What is needed ▸
Give back the entries exactly, ending with the "Weihnachtsdekoration am Baum" line.

[[ Working data open ]]

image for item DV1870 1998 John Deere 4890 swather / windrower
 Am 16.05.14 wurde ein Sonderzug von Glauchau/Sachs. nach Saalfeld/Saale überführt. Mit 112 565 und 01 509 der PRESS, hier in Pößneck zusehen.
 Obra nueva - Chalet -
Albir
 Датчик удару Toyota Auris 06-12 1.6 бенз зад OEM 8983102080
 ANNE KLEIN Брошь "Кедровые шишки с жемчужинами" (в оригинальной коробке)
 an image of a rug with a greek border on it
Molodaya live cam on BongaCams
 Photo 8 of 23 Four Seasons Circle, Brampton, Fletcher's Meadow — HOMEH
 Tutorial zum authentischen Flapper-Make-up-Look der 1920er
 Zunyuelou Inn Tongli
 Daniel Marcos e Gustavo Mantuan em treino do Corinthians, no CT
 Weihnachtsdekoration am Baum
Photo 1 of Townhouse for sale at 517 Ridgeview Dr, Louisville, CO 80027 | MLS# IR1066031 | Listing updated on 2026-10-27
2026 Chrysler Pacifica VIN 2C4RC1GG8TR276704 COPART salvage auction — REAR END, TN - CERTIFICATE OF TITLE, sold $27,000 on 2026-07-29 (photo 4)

[[ Working data closed ]]

Answer section ▸
image for item DV1870 1998 John Deere 4890 swather / windrower
 Am 16.05.14 wurde ein Sonderzug von Glauchau/Sachs. nach Saalfeld/Saale überführt. Mit 112 565 und 01 509 der PRESS, hier in Pößneck zusehen.
 Obra nueva - Chalet -
Albir
 Датчик удару Toyota Auris 06-12 1.6 бенз зад OEM 8983102080
 ANNE KLEIN Брошь "Кедровые шишки с жемчужинами" (в оригинальной коробке)
 an image of a rug with a greek border on it
Molodaya live cam on BongaCams
 Photo 8 of 23 Four Seasons Circle, Brampton, Fletcher's Meadow — HOMEH
 Tutorial zum authentischen Flapper-Make-up-Look der 1920er
 Zunyuelou Inn Tongli
 Daniel Marcos e Gustavo Mantuan em treino do Corinthians, no CT
 Weihnachtsdekoration am Baum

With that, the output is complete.